> **Requirement**
Select from the data all lines with the word "Central".

━━━

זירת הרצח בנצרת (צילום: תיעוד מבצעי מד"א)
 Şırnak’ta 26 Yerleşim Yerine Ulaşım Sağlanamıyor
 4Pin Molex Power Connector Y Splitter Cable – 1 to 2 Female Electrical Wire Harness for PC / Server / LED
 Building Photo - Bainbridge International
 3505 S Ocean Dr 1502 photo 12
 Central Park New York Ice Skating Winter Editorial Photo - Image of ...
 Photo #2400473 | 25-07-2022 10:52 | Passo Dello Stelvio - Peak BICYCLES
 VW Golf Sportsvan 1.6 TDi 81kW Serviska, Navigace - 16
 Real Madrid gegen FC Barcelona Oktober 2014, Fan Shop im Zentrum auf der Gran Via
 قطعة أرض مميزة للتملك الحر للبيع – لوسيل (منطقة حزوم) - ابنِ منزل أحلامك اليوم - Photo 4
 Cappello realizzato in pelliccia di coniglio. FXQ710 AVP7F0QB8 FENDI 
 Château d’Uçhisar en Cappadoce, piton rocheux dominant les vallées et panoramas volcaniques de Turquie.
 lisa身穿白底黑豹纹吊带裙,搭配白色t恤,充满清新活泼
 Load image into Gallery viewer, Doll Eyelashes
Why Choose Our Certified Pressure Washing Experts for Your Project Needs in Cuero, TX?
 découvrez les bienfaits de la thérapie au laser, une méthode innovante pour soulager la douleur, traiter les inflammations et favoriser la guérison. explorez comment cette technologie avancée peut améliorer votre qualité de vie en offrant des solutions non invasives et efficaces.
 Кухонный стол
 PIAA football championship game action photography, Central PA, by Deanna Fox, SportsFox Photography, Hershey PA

━━━

> **Reply to the exercise**
 Central Park New York Ice Skating Winter Editorial Photo - Image of ...
 PIAA football championship game action photography, Central PA, by Deanna Fox, SportsFox Photography, Hershey PA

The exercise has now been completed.